Yuswir Rifin yang saat itu menjabat menjadi Bupati Sijunjung sudah mendapatkan solusi terkait adanya pelarangan perayaan Natal dan Tahun Baru di Sumatera Barat. Dan sama dengan hal itu, Bobby Roespandi yang merupakan Kesbangpol dari Kabupaten Sijunjung juga menyatakan bahwa Pemkab membantah jika ada pelarangan beribadah maupun natalan di Sumbar. Berdasarkan hasil rapat, Pemkab Sijunjung menegaskan jika pihaknya akan terus berupaya agar antarumat beragama di Sumbar tetap terjaga kerukunannya dan mengindari terjadinya permasalahan atau konflik horizontal yang dilakukan oleh antarpemeluk agama.
Karena kabar larangan natal di Sumbar ini pihak Komnas HAM mendesak Irwan Prayitno yang merupakan Gubernur Sumbar untuk tegas terkait polemik yang melarang perayaan natal ini. karena warga negara Indonesia memiliki hak melakukan ibadah sesuai agamanya masing-masing. Taufik selaku komnas HAM juga sudah mengirim surat ke kepala daerah dari Kabupaten Dharmasyaraya dan juga Kabupaten Sijunjung dan meminta kopilisian yang berada di tempat tersebut agar menjamin serta melindungi umat kristiani pada saat melakukan ibadah di tempat tersebut.

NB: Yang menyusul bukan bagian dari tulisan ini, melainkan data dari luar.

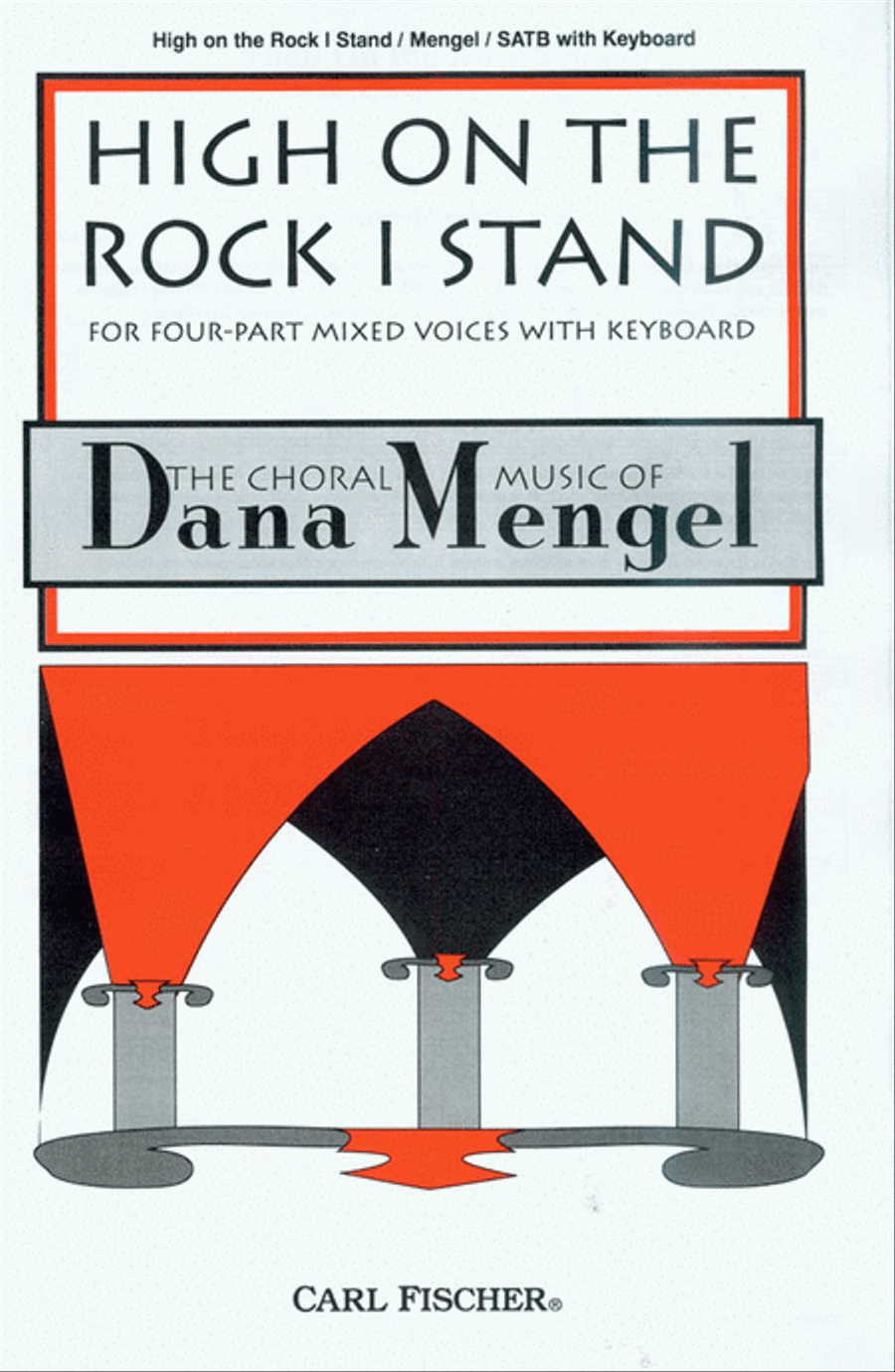 High on the Rock I Stand High on the Rock I Stand 4-Part scores gallery preview page 1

Tanggapan Beberapa Tokoh Indonesia Terkait Pelarangan Ibadah Natal di Sumbar
Adanya pelarangan dalam melaksanakan ibadah natal bagi umat kristiani di Sumbar menimbulkan polemik panas. Karena itu, beberapa tokoh penting Indonesia turut berkomentar misalnya saja Mahfud MD. Mahfud MD yang merupakan Menteri Koordinator Bidang Politik, Hukum dan HAM menegaskan jika pelarangan ibadah natal di Sijunjung dan Dharmasraya tengah melakukan proses penyelesaian. Mahfud menilai jika setiap orang punya kebebasan dalam menjalankan ibadah sesuai agama dan keyakinan masing-masing. Selain itu, ada Yenny Wahid yang merupakan putri kedua dari Gusdur dimana ia meminta pemda di daerah setempat harus bertindak terkait adanya aturan yang melarang perayaan natal di kedua kabupaten di Sumbar.